Canada added 45,000 jobs in June — more than four times the number of jobs that most economists expected the country to gain last month. Canada’s unemployment rate now stands at 6.5 percent, a slight improvement from last month’s 6.6 percent.
This has actually been the best quarter for employment in Canada since 2010. So then why does it feel like so many Canadians, especially recent graduates, are still struggling to find work?
The answer lies in the breakdown of these job gains. The private sector added 17,800 positions, but most of these jobs were low-paid, part-time service sector jobs. In fact, most of June’s job gains game from the addition of part-time work — 37,100 positions to be exact — a sharp contrast to the weak 8,100 new full-time jobs that were added to the economy.
Since October 2016, unemployment has been on a clear downward trajectory in Canada, but a key theme in these job gains has been the increase in availability of part-time jobs, coupled with a decline in the number of full-time jobs.
This is unsurprising — the West’s neoliberal economic model over the last four decades has granted corporations an almost monopolistic power to rake in profits at any cost. The result has been rapid outsourcing, and the growth of low wage jobs.

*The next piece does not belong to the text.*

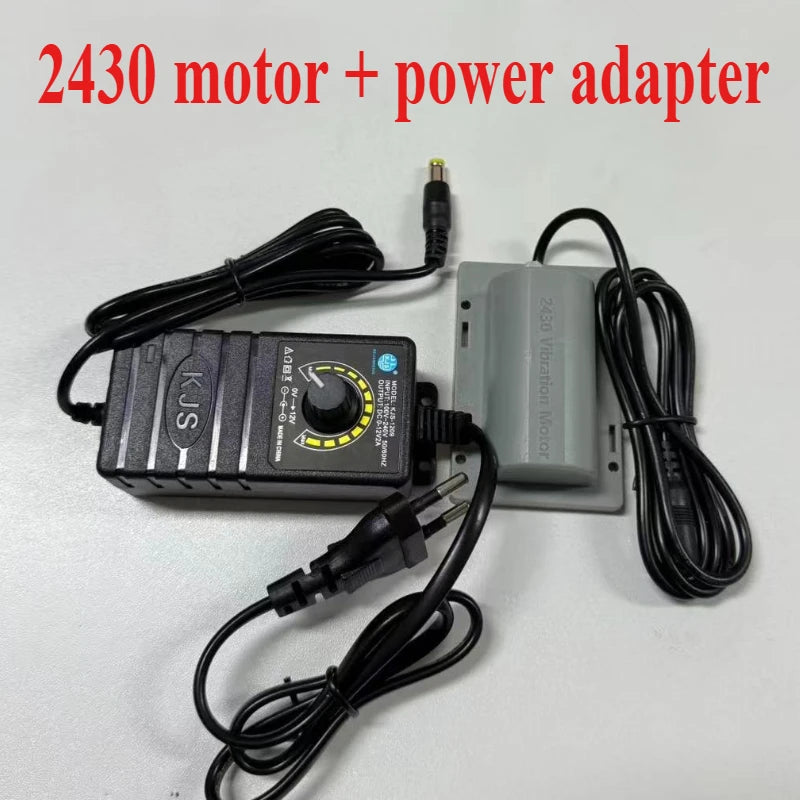 2838/2430 Vibration Motor with Power Controller 4300RPM 12V24V Massage Table Chair Motor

Full-time manufacturing jobs that used to drive Western economies now barely exist — the growth of the service sector in place of the manufacturing sector has led to the creation of more part-time jobs, just because of the nature of the sector. Many workers in admin positions at banks and insurance companies (the two biggest service sector employers in Canada), are on contract, or don’t work a full 40-hour week.
The proliferation of the real estate sector in Canada has also contributed to the number of part-time jobs. Real estate agents, for the most part, get paid on commission. Their work is thus dependent on the ebbs and flows of the market. Home construction and renovation jobs also fall into this seasonal/part-time category.
In 2016, according to a TD Economics report, almost all the jobs created in Canada were part-time. Sure that was partly due to the large number of full-time jobs (65,000) lost in Alberta, Saskatchewan and Newfoundland & Labrador due to the oil slump, but if you look at the 40 year trajectory of job growth in Canada, there’s a clear and rapid decline in the availability of full-time employment.
This chart, courtesy TD Economics, illustrates this trend well. In 1976, almost 88 percent of jobs in Canada were full-time. By 2016, only 80 percent of jobs were considered full-time. An eight percent loss in full-time employment might not seem large, but by volume of jobs, it is indeed significant.
But June’s job report, is being met with a great deal of positivity by economists. “Canada’s job market is getting close to what economists consider to be full-time employment — when just about every adult who’s able and willing to work has a job,” CIBC economist Avery Shenfeld wrote in a research note.
If only job stability, and full-time work factored into the calculation of the unemployment rate.